This blog promotes knowledge sharing through experience and collaboration. For more product information, visit our WebSphere Commerce CSE page. For easier navigation, utilize the Categories to find posts that match your interest.
Where is your WebSphere Commerce black box?
While analyzing a site outage after the fact, we sometimes find that diagnostic data was not collected, or that information in the logs was lost.

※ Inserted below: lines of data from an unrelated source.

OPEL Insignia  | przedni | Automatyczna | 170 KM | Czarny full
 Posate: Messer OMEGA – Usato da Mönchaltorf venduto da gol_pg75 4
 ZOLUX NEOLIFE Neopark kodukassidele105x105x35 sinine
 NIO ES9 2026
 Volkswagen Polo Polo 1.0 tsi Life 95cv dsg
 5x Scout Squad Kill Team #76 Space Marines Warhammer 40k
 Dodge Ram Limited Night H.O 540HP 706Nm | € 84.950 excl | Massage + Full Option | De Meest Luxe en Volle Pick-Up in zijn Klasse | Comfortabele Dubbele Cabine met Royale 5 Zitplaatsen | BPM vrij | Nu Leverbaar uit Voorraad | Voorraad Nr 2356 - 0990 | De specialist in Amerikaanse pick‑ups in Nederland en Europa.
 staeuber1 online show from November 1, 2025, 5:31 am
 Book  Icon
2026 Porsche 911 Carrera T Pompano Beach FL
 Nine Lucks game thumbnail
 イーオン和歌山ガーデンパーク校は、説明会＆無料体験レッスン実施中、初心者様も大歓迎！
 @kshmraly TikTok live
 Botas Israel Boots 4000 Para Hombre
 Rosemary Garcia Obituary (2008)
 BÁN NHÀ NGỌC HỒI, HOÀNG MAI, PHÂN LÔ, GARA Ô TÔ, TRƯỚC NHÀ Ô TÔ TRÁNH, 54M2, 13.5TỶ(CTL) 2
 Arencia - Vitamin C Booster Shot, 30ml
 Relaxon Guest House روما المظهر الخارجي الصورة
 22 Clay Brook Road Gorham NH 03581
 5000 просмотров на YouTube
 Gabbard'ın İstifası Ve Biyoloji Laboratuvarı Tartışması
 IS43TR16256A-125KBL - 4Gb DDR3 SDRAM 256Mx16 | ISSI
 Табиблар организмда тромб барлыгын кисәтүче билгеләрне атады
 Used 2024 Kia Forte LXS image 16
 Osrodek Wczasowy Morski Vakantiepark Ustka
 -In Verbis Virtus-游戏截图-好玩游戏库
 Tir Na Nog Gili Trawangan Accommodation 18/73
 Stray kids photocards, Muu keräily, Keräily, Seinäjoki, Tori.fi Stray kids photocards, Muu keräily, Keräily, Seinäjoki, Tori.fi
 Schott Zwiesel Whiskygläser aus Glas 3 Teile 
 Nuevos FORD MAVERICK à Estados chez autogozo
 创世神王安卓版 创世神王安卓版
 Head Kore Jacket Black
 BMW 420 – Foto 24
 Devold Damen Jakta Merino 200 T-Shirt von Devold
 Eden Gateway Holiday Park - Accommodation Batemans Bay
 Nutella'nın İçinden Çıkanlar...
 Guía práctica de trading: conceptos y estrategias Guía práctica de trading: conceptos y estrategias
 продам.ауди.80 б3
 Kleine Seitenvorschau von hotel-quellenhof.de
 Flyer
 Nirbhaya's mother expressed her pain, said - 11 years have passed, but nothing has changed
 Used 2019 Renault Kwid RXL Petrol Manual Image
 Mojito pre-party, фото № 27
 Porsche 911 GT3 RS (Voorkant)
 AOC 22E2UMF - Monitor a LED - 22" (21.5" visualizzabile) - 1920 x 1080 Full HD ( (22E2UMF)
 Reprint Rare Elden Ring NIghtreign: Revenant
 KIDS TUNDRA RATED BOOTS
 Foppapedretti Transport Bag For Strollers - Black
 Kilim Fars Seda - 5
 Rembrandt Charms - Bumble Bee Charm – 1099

To avoid the dreaded "Reproduce the problem", every site should have a documented (and automated) procedure to ensure that key data is collected and preserved.
The daily site operations should be documented in the runbook. This includes alerts and procedures to follow when the site availability is impacted, such as enable redundancies and/or site maintenance page, gather diagnostics and restore operations. The key to enable you troubleshoot and react to an outage is to ensure that as part of site recovery, there are planned steps to gather diagnostics and, a very common oversight, to ensure the logs for the period are preserved. This is what I call "The black box".
What's in the black box?
Store all the data that can be required for troubleshooting in your site's "black box", including the timeline, diagnostic and system logs, monitoring reports, and system dumps. The black box should be as self-contained as possible. If it is useful, it's there. This will facilitate the analysis when multiple teams are providing their perspective.
The ship's log
Imagine spending an hour analyzing a drop in CPU only to realize that was the time when the maintenance page was put on. It's always harder to analyze data without context.
As the site is restored, logs will be written again. Several of these logs implement automatic rotation and after a few hours the information is lost. Complete an inventory of the logs on each tier and verify the logging configuration. Ensure the logs are large enough to provide you enough time to save them before the period of the event is rolled over.
Standard system logs are useful but often not enough to get root cause. There is diagnostic data that can only be collected while the site is experiencing issues. Of course, it is impossible to anticipate every problem, but there is data that often helps narrow down the scenario, such as database snapshots (AWR in Oracle), and the king of Java troubleshooting: Javacores.
It's also important is to preserve monitoring data for the site and infrastructure. Monitoring data for the site includes traffic and response time analysis. Infrastructure data includes CPU, IO and network statistics, integration points, etc.
If there is a crash or OutOfMemory condition, core files can be generated. These files tend to be large, and administrators clear them to free up space. Cores can be very valuable for troubleshooting. Ensure to save them before deleting them from the local file system.
Configuration files do not change often, but for consistency and to help analysis, it makes sense to store the key ones in the black box. Examples include:
Loading the box
The "box" is a directory structure in a shared network drive or ftp location.
Dealing with an outage shouldn't be ad-hoc. Unless there is a plan in place, with the rush to recover the site, there is often no time left to collect diagnostics or to preserve the logs. Review your site's runbook to ensure this is covered.